Fatores de risco e populações de alto risco:

  • Geograficamente:
    • Habitantes de uma região endémica
    • Viajantes que passam mais de 1 mês numa região endémica
    • Pacientes institucionalizados
  • Estado de saúde:
    • Homens que fazem sexo com outros homens
    • Idade avançada
    • Gravidez
    • Corticoterapia
    • Malignidade
    • Desnutrição
    • Alcoolismo

Fisiopatologia

Ciclo de vida das espécies Entamoeba (spp.)

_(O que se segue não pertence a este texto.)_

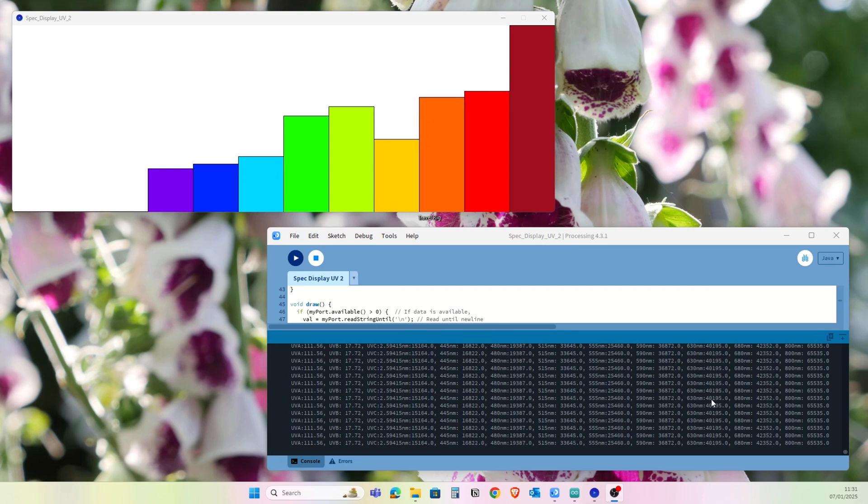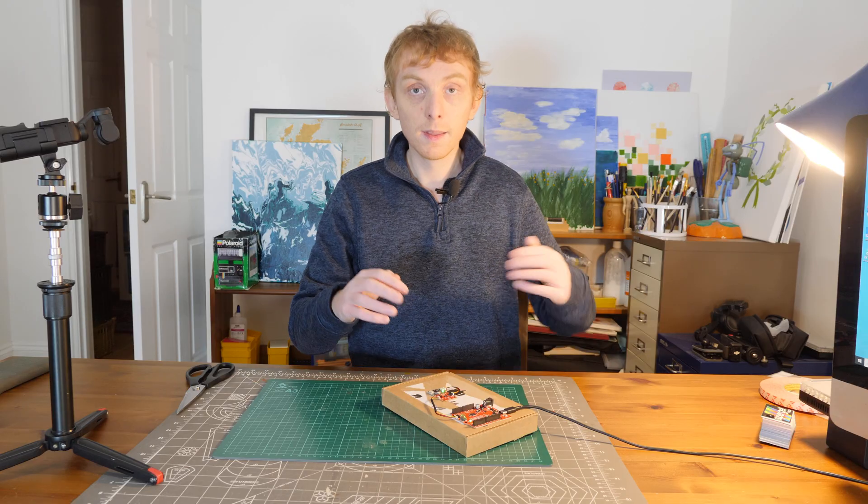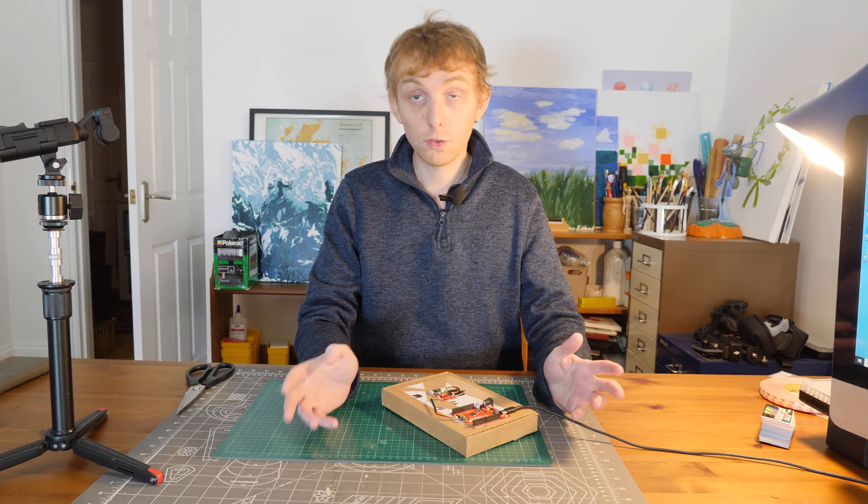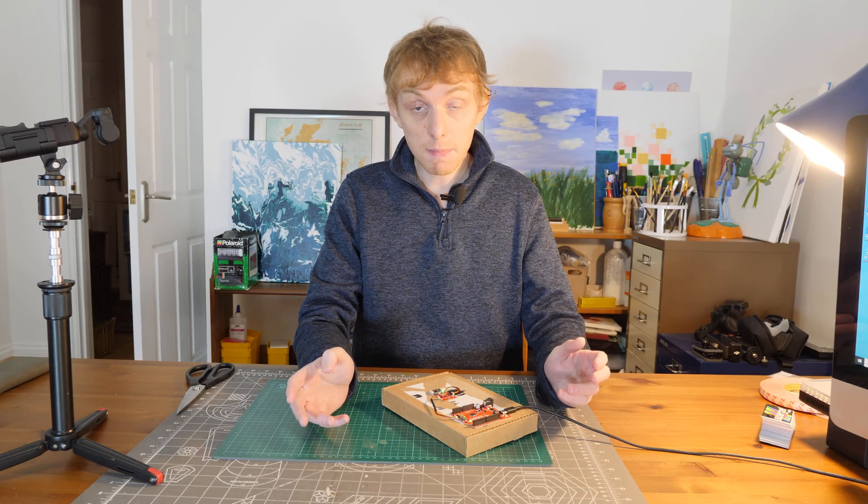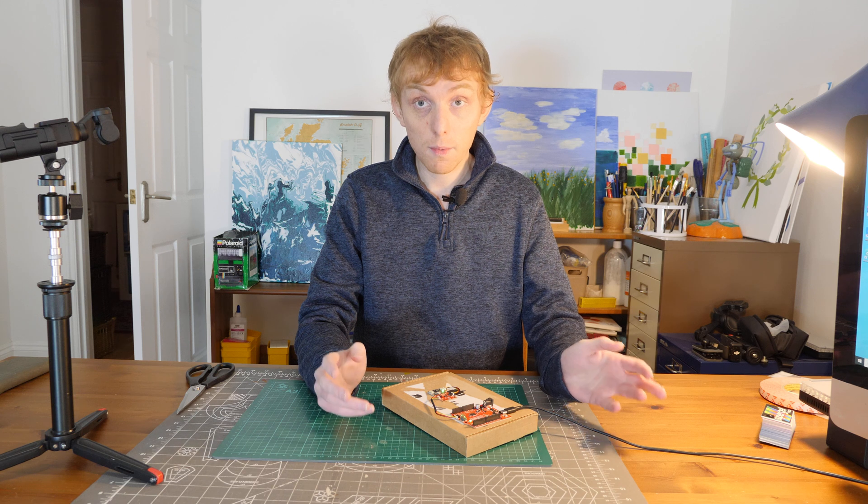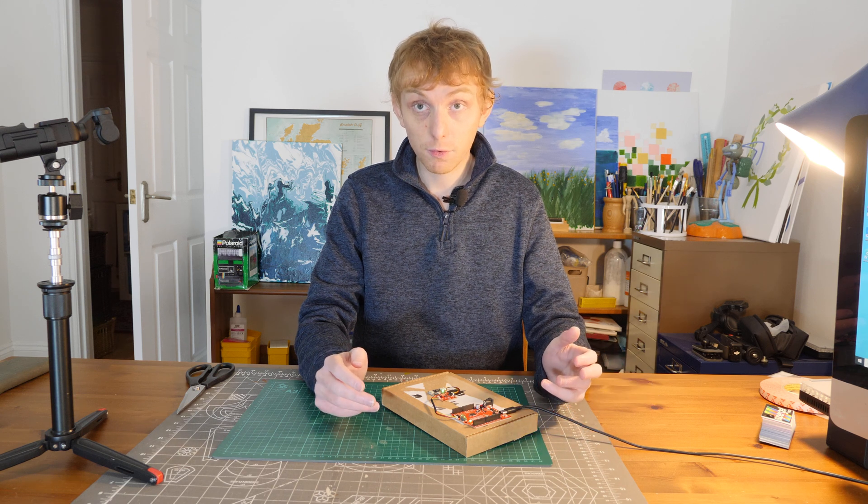You can also take the data you can see here in this raw section here at the bottom and produce charts with it, because you have the raw numbers. You can put that into Excel and then produce line charts that look like the spectrum analysis you see on websites. So I'll show an example of what I've done here with that data.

O ciclo de vida de Entamoeba spp. depende da infeção de um hospedeiro, dado que a transição entre as fases de vida ocorre no trato gastrointestinal do hospedeiro.

Estadio de quisto:

  1. Encontrado em fezes moldadas e diarreicas de um hospedeiro infetado
  2. Ingerido por via fecal-oral ou através de água e alimentos contaminados: A ingestão de apenas 1 quisto é suficiente para causar infeção.
  3. Os quistos ingeridos transformam-se em trofozoítos no intestino delgado.

Estadio de trofozoíto:

  1. Os trofozoítos migram para o cólon.
  2. Em 10% dos casos, os trofozoítos invadem a mucosa intestinal provocando diarreia sanguinolenta, destruição de tecidos locais e outras complicações.
  3. Os trofozoítos sofrem rutura binária e produzem quistos; ambas as formas são excretadas nas fezes diarreicas.
  4. Os trofozoítos morrem rapidamente fora do trato gastrointestinal, ao contrário dos quistos, que podem sobreviver durante semanas.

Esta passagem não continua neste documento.